Reserve Bank Governor Raghuram Rajan sparked something of a stir last week when he advised caution in the way people — he was addressing an audience full of economists at the IGIDR in Mumbai — talk about growth. “There are problems with the way we count GDP,” he said. Almost on cue — as if to shore up Rajan’s point, even if unintentionally — the Central Statistics Office, the designated body sharing GDP data, rolled back the GDP estimates for FY14 (from 6.9 per cent to 6.6 per cent) and FY15 (from 7.3 per cent to 7.2 per cent). Irrespective of the latest revision, however, which is a normal occurrence, there are two broad reasons why Rajan’s statement should be taken seriously by both the government as well as the observers of the economy.
One, it mirrors the continuing suspicion among key policymakers about the veracity of the new GDP estimates that were launched in February 2015. The new estimates pegged the GDP significantly higher than previous estimates. Moreover, this jump was not in line with other parameters of economic activity. As early as March last year, even the government’s Economic Survey sounded unconvinced. It stated, “…the balance of evidence and caution counsel in favour of an interpretation of a recovering rather than surging Indian economy.” In the months since, the Economic and Political Weekly hosted a raging debate among academics on the issue. The last word on whether the new estimation method was technically sound or not is yet to be spoken. But this confusion leads to a policy gap. If India is indeed growing fast, then there is no need for a fiscal stimulus (increased expenditure by the government), as suggested by some. Conversely, if, indeed, a “counter cyclical” fiscal policy is being demanded, then the GDP estimates of over 7 per cent are misleading.

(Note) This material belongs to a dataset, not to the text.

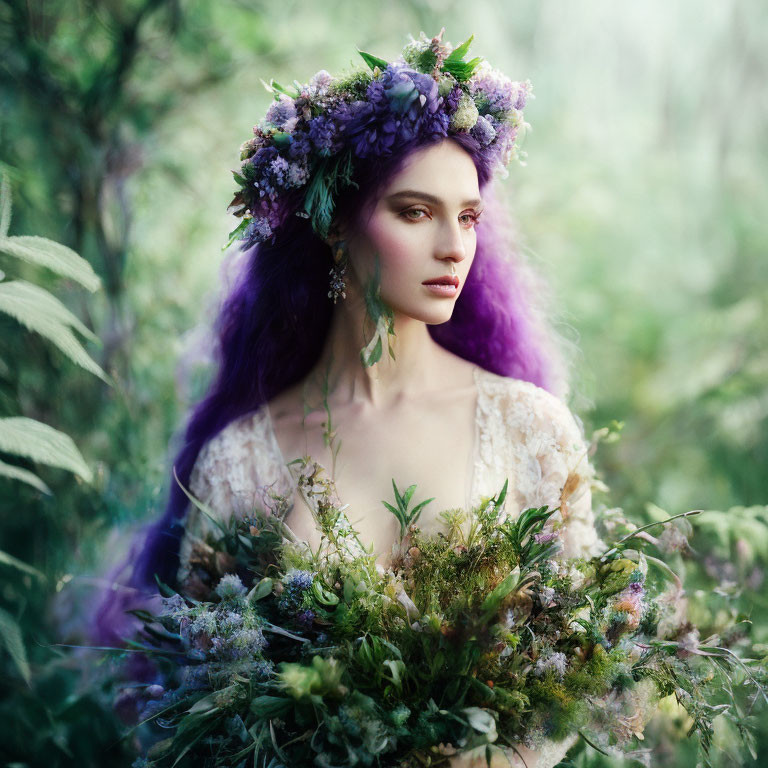 Purple-haired woman in floral crown and dress in ethereal forest scene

Be that as it may, the second reason why Rajan should be given a serious hearing is for better appreciation of the GDP as a measure of economic growth and prosperity. The new estimation methodology is in line with global norms where increased value addition, as against an actual increase in quantity of production, leads to a higher GDP. This approach can work seamlessly in an economy where all value addition is tracked formally and recorded in well-codified data. But for a country like India, where 93 per cent of labour works in the informal sector and where there is no credible data on employment, this method requires a more nuanced appreciation. It is time for people to demand more economic data from the government in order to be able to see the true state of the economy.